腰部への負荷として思い当たる点を聞くと、
- ゴルフ:ラウンド月3〜4回(週1ペース)+練習週1回
- デスクワーク:座位での業務時間が1日の大半を占める(会議を含む)
- 日常的な体のメンテナンスは特になし
という状況でした。痛みの部位は右仙腸関節付近〜臀部。腰全体の広範な鈍痛に加え、ピンポイントでの強い痛みが併存している状態です。
初診スクリーニングの考え方
急性腰痛の初診でまず意識するのは、「今すぐ対応すべき構造的問題があるかどうか」の除外です。
今回のケースでは、
- 過去の急性腰痛は1日で治まっていたのに、今回は2日経過しても症状が強い
- L4-5の狭小化の既往がある
- 右仙腸関節付近にピンポイントの強い痛みがある
という複数のリスク因子が重なっていました。急性椎間板ヘルニアを含めたスクリーニングを丁寧に行うとともに、本人への説明を最初に行うことを優先しました。

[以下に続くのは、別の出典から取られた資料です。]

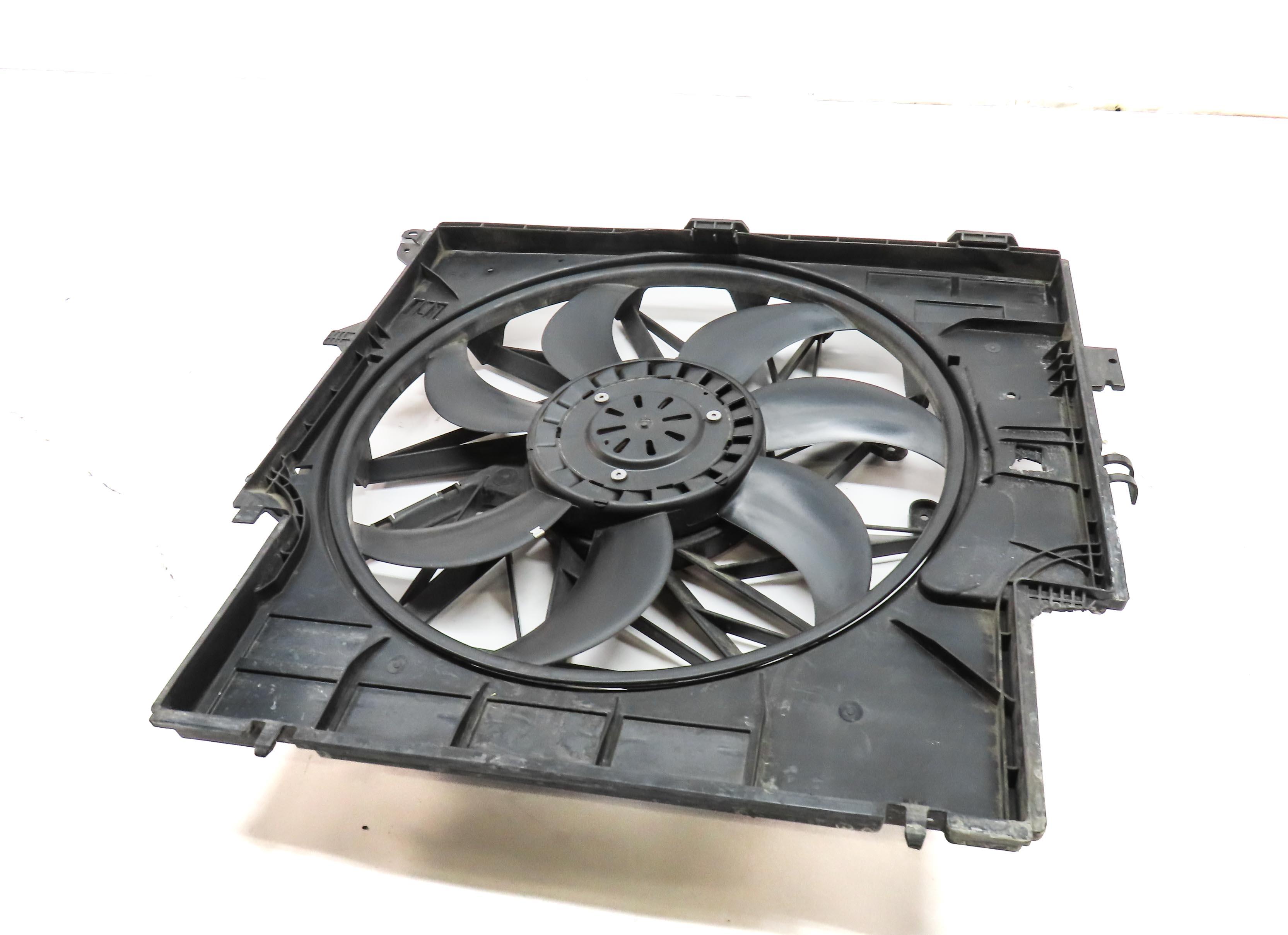 13-18 BMW X3 X4 (F25 F26) 2.0L N20 TURBO ENGINE RADIATOR COOLING FAN & SHROUD — exact item pictured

「今回、なぜこんなに強い痛みが出ているのか」という疑問と不安に先に向き合うことが、その後の施術への信頼につながります。考えられるリスクを正直に伝えたうえで、対応可能なケースなら安心してもらえるよう言葉を添える——この順番を大切にしています。
検査所見
椎間関節の除外
PSISを押さえながらの前屈動作を確認しました。
- 座位前屈: 90度弱まで痛みなく行える
- 脊柱伸展: 痛みなし
- 椎間関節部への伸展圧迫テスト: むしろ「気持ちいい」との反応
これらの所見から、椎間関節性の問題は可能性が低いと判断しました。
ヘルニアの可能性の評価
椎間板やヘルニアは回旋方向への負荷に弱い組織です。過度な回旋は避けながら、動作確認を進めました。
- 座位回旋(左右): 両方向で腰部に症状が出る
- 立位左回旋: やや症状が出る
- 立位右回旋: 症状が出ない
ここで一つ重要な所見が得られました。座位での回旋の方が立位よりも腰部に症状が出やすいという点です。
座位の方が腰部への負荷が高くなるのは、胸椎の機能障害が関与しているケースに見られる典型的な所見です。胸椎の可動性が低下すると、腰椎がその代償として余分な負担を引き受けます。座位での前後屈では症状が出なかったという点も、この方向性を支持する所見でした。
全体像の整理
問診では「普段は腰よりも首・肩に症状が出やすく、特に左肩上部から首にかけて」という訴えもありました。この情報が、胸椎機能障害の関与という仮説をさらに補強しました。
所見のまとめ:
– 急性椎間板ヘルニア・椎間関節性:可能性低い
– 胸椎機能障害の関与:可能性高い
– デスクワーク+ゴルフによる胸椎の慢性的な機能低下が素地にあり、今回の急性発症に至ったと推察
施術と結果
施術前は、立ち座りにかなりのこわばりと痛みを伴っていました。
施術後、患者は無意識のうちにしゃがんだり立ったりする動作を行っていました。こちらから「今、しゃがんで立てましたね」と声をかけると、本人も「そういえばできましたね」と気づく状態。
痛みを意識しながら動いていた人が、動いていること自体を意識しなくなる。この瞬間は、施術の手応えとして一番わかりやすい場面の一つです。
この症例で伝えたいこと
急性腰痛の初診では、「何が起きているのか」を素早く、かつ正確に評価することが施術の質を決めます。そのためには病態の知識だけでなく、それを検査で確認するスキルと、患者への言語化・説明力がセットで必要になります。
「前後方向のチェック → 回旋のチェック → 胸椎の評価」という流れは、今後の急性腰痛ケースの定番プロセスとして自分の中に組み込みたいと改めて感じました。
また、患者への説明は「何が考えられるか(リスクの開示)」と「何なら対応できるか(安心の提供)」をセットで伝えること。これは医療との関わり方においても、私たちのポジションを明確にするうえで重要な姿勢です。検査・見立て・説明の精度を上げ続けることが、患者さんの信頼だけでなく、業界全体の信頼にもつながっていくはずです。